YOUR TASK: Below are records; from the line containing "Volkswagen Sagitar — миниатюра 3" through the very last line, output each line exactly. No pictures.
-- Opening Marker --
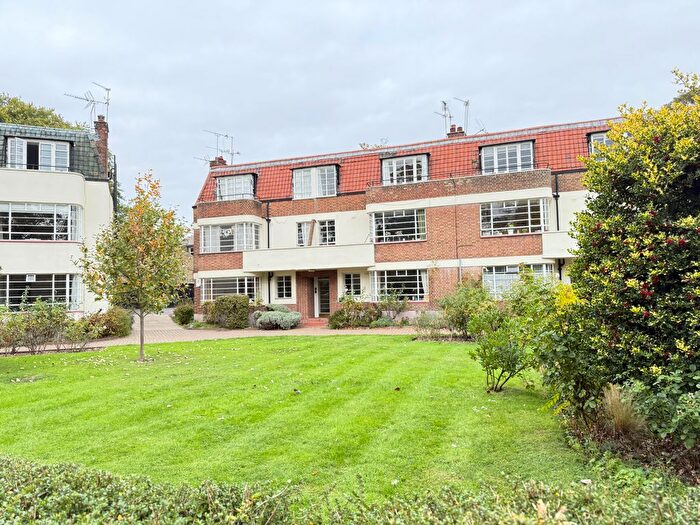 3 Bedroom Flat To Rent In Greenway Close, Stoke Newington, London, N4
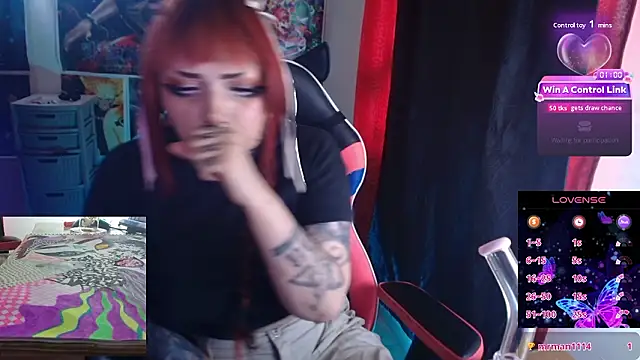 Snapshot of linda_mort chatting on 02-15-26, 09:00 linda mort online show from 02-15-26, 09:00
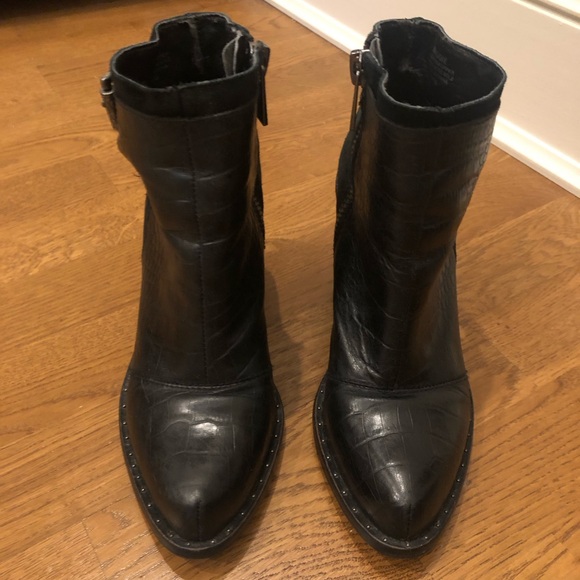 Rebel Luxury Booties - Picture 3 of 9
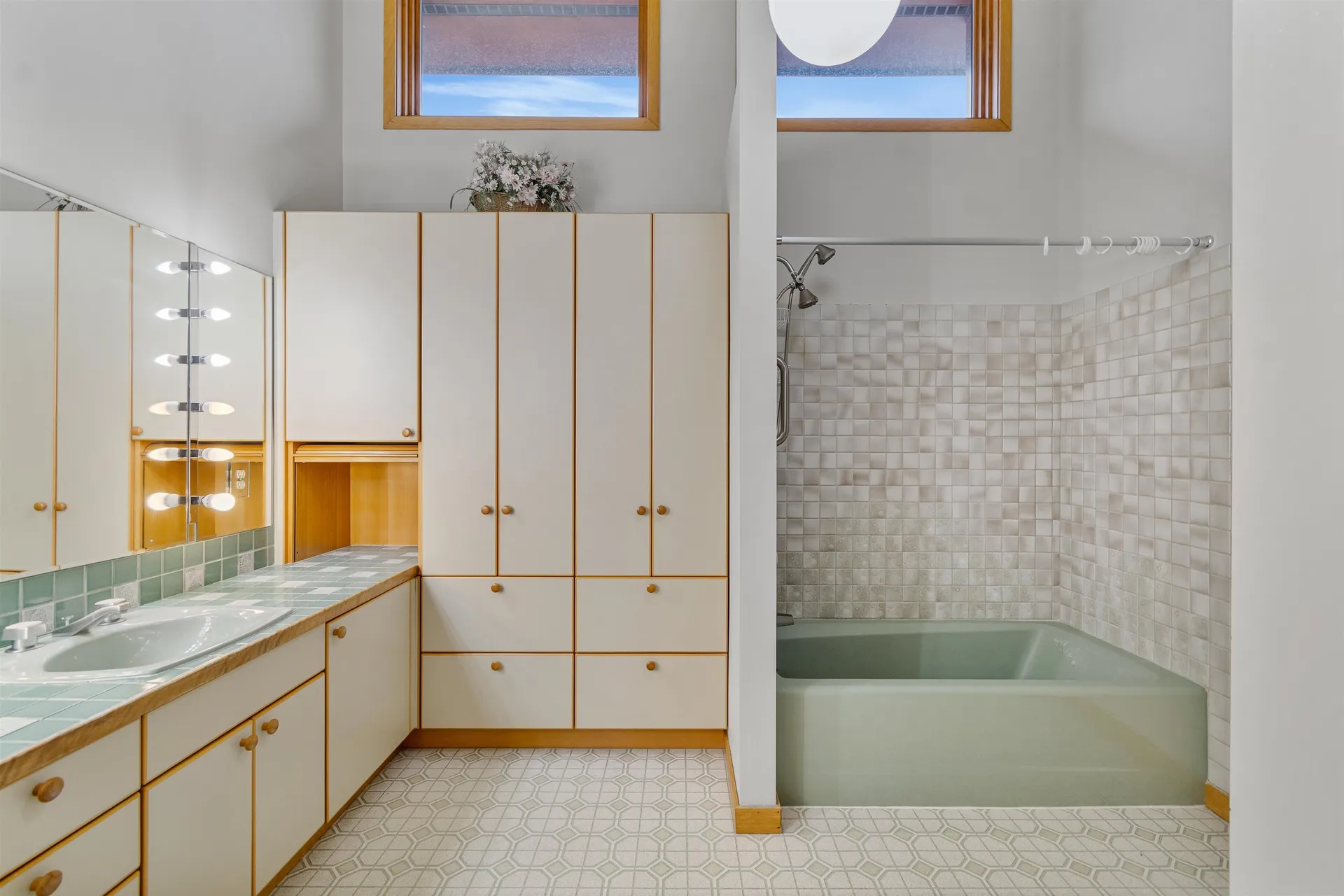 564 South Bay Circle Colchester VT 05446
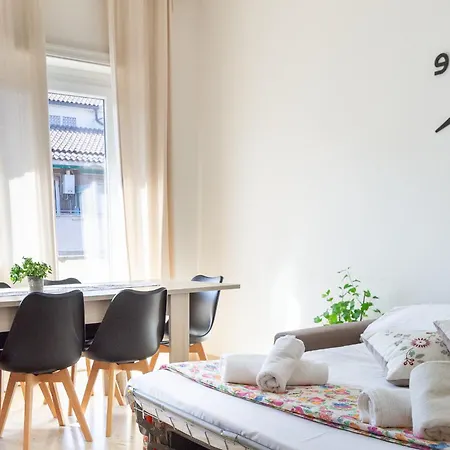 Aureum Loft Apartment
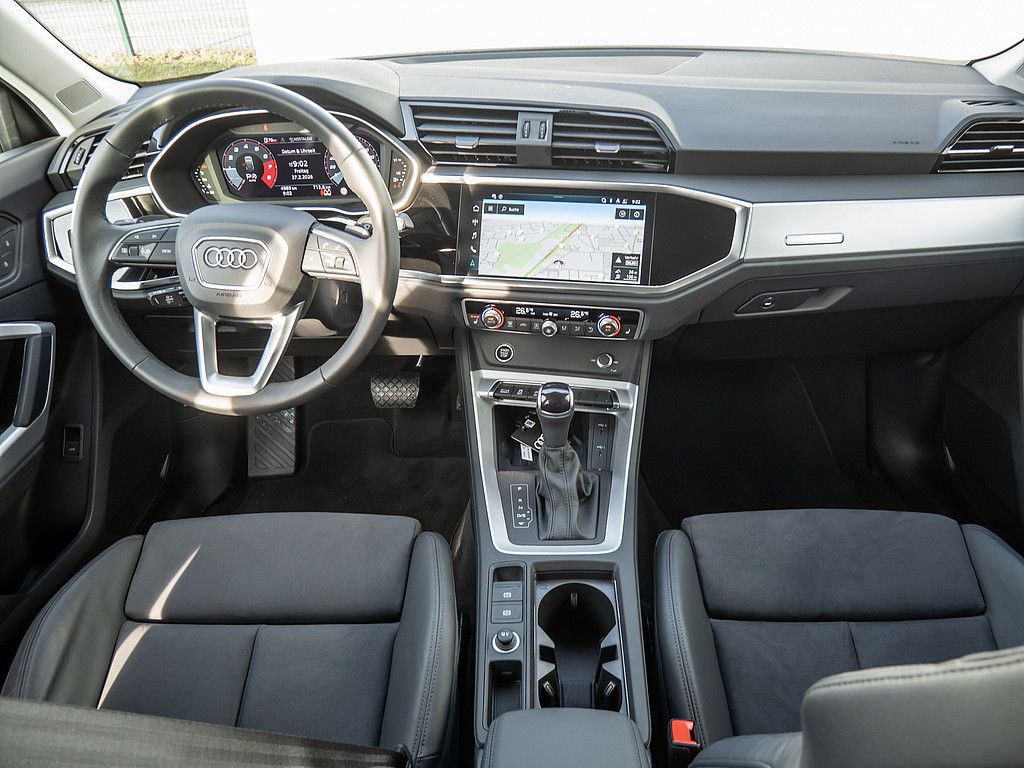 Audi Q3 2025 г. Белый, пробег 4987 км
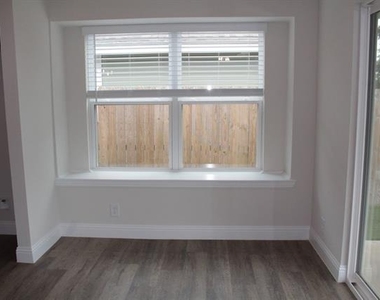 102 Walnut Street - Photo Thumbnail 11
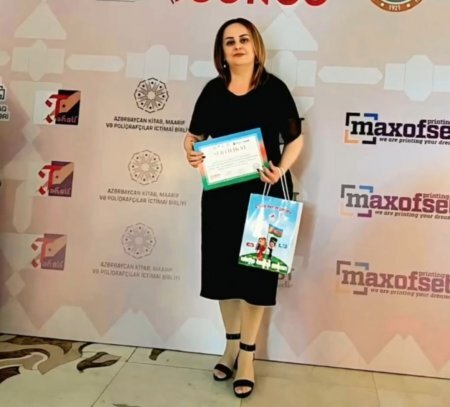 Goranboyda məktəb direktoru PULU SİYAHI İLƏ YIĞIR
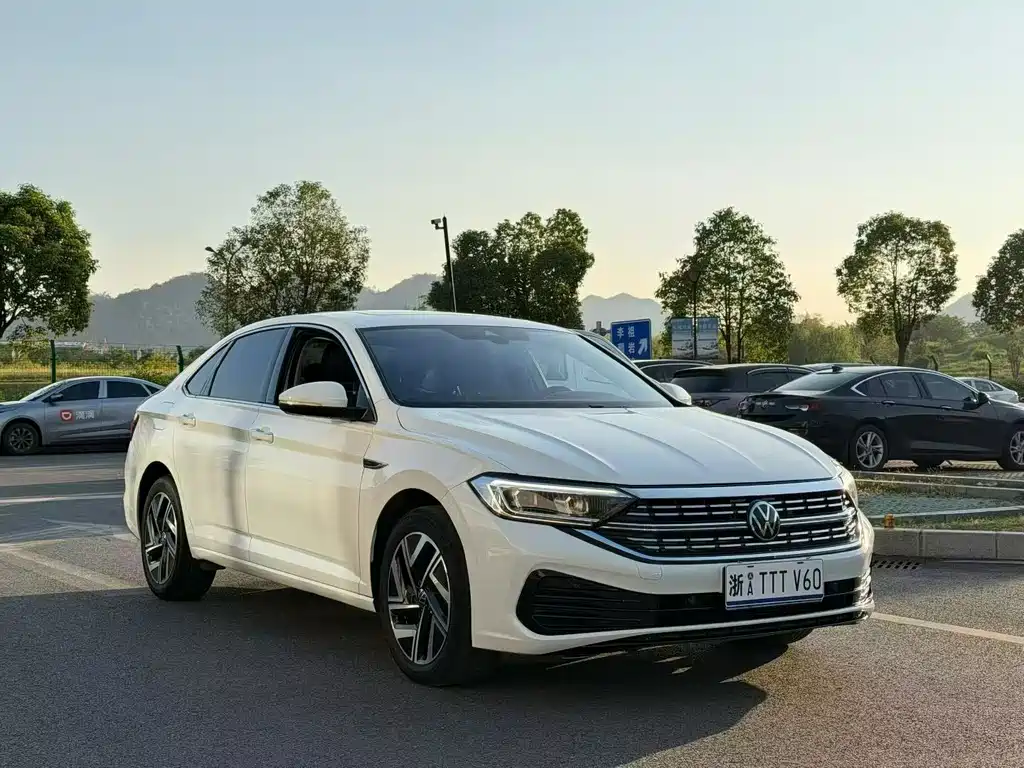 Volkswagen Sagitar — миниатюра 3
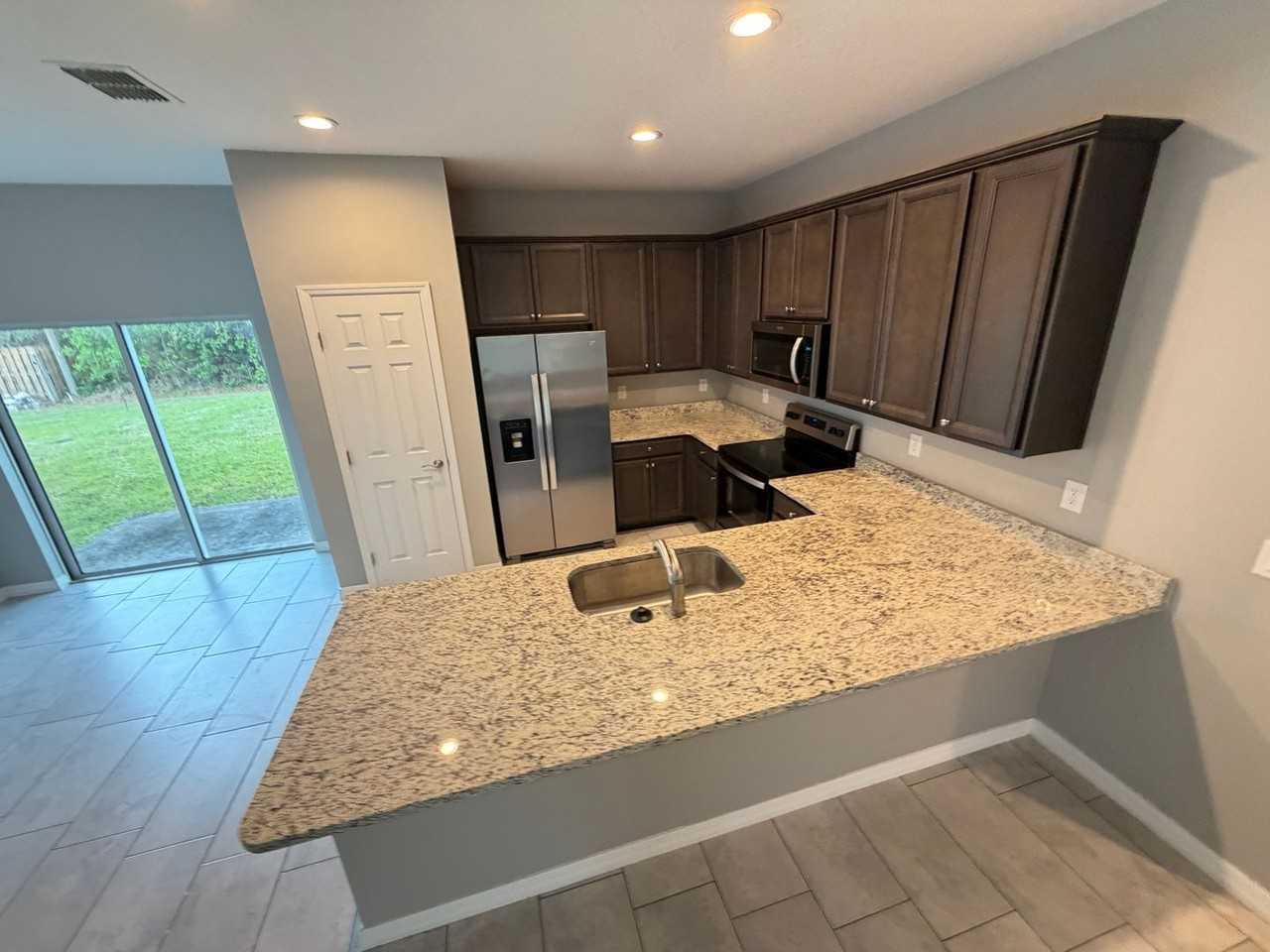 1673 Westcott St Se - Photo 7 of 32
-- Closing Marker --
YOUR RESPONSE:
 Volkswagen Sagitar — миниатюра 3
 1673 Westcott St Se - Photo 7 of 32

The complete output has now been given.